Parties often want to avoid the uncertainty of claims being made based on matters that are outside the terms of the contract. Therefore contracts often contain provisions that purport to exclude or limit liability for pre-contractual statements or to exclude or limit the available remedies. For example, it may provide that damages are the only remedy and that the contract cannot be rescinded. Whether such clauses are effective depends on their construction and whether any statutory restrictions apply (see footnote 17 above).

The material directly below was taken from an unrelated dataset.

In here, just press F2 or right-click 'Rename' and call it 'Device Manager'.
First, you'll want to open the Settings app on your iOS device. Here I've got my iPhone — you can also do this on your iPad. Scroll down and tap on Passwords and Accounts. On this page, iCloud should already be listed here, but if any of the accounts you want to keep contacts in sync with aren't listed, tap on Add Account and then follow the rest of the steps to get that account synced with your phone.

Entire agreement and non-reliance clauses

To this end “entire agreement” clauses are commonly used, e.g. “This agreement together with any other documents referred to in this agreement constitutes the entire and only agreement between the parties…” as well as “non-reliance” clauses acknowledging that the parties have not relied on representations made outside of the contract. The aim is to restrict claims to matters that have become embodied in the contract. However, for these clauses to be effective, they must be drafted carefully.

Non-disclosure

There is no general requirement under English law for parties negotiating a contract to disclose information to one another. In some circumstances a party’s silence will amount to a misrepresentation, for example, where it gives only half the truth which has the effect of misleading the other party. If this is the case the contract can be rescinded for misrepresentation as above. Liability for pure non-disclosure is more difficult to establish as the claimant must prove that there was a positive duty on the other party to provide the relevant information. This duty can derive from the particular kind of contract (for example, insurance contracts) or from the relationship between the parties, e.g. trustee and beneficiary.

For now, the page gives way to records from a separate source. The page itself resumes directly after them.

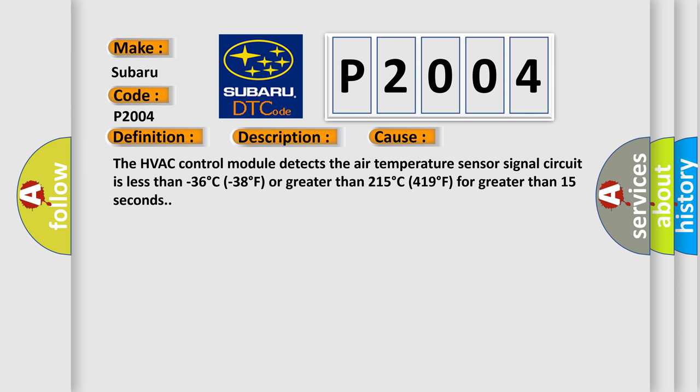The HVAC control module detects the air temperature sensor signal circuit is less than minus 36 degrees C (minus 38 degrees F) or greater than 215 degrees C (419 degrees F) for greater than 15 seconds.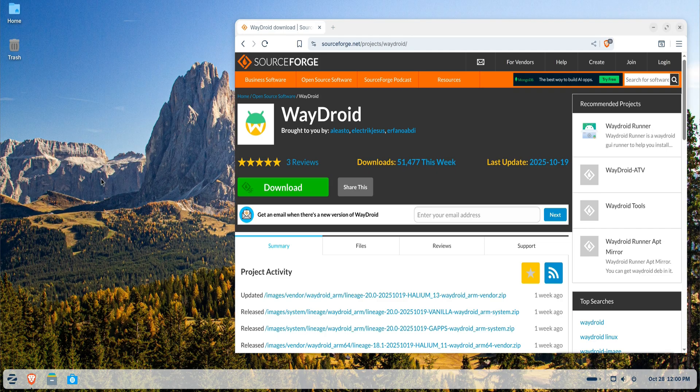In today's video, I'll be showing you how to install Wadroid on Zorin OS 18, step by step. But first, what exactly is Wadroid?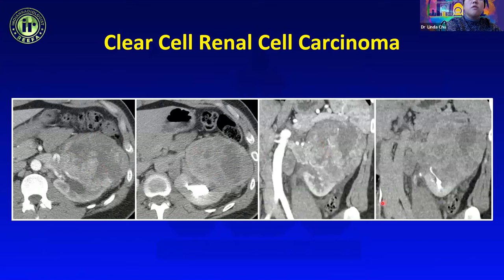Urothelial carcinoma can also appear as a polypoid filling defect within the renal pelvis. These lesions can be hard to see on non-contrast or arterial and venous phase images but are very well demonstrated on delayed phase images — which is why we include delayed phase in our four-phase renal protocol. One case shows a fairly obvious lesion; another is much more subtle, barely visible on non-contrast and venous phase, but clearly shown on delayed phase imaging and confirmed on retrograde urogram. The delayed phase is key for urothelial neoplasms.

Other matters that may invalidate a contract

Mistake

Not all mistakes affect the validity of the contract. The doctrine of offer and acceptance relies upon a meeting of minds between the parties as to what is being offered and what is being accepted. If there has been a mistake about something fundamental like the identity of the party with whom the contract is made or its subject matter, there is no true agreement. In this situation the court will set it aside and restore the parties to their pre-contract position. In other situations of mistake the contract is not necessarily void. The court’s view will depend on whether it is still possible to perform the contract, notwithstanding the mistake.30

Frustration/subsequent impossibility

A frustrating event is an extreme supervening event occurring after the formation of the contract which makes further performance impossible, or so radically different to that envisaged, that it would be unjust for the contract to continue. For example, the outbreak of war31 or seizure of property by a foreign government.32 At common law the effect is to terminate the contract, releasing the parties from all further performance. This consequence is automatic33 but the scope for frustration can be cut down by including in the contract express provisions (force majeure) setting out what should happen to the contract if something unforeseen occurs.

Illegality/public policy

Contracts involving the commission of crimes, torts or unreasonable restraint of trade are void and unenforceable. Contracts involving transactions prohibited by law are generally void and cannot be enforced by either party.

Duress/undue influence

Contracts induced by actual or threatened violence (physical or economic) are voidable by the injured party. For example, economic duress, a threat to breach a contract or coercion which invalidates consent.34 Undue influence arises, and can be presumed, in situations where there is a fiduciary relationship.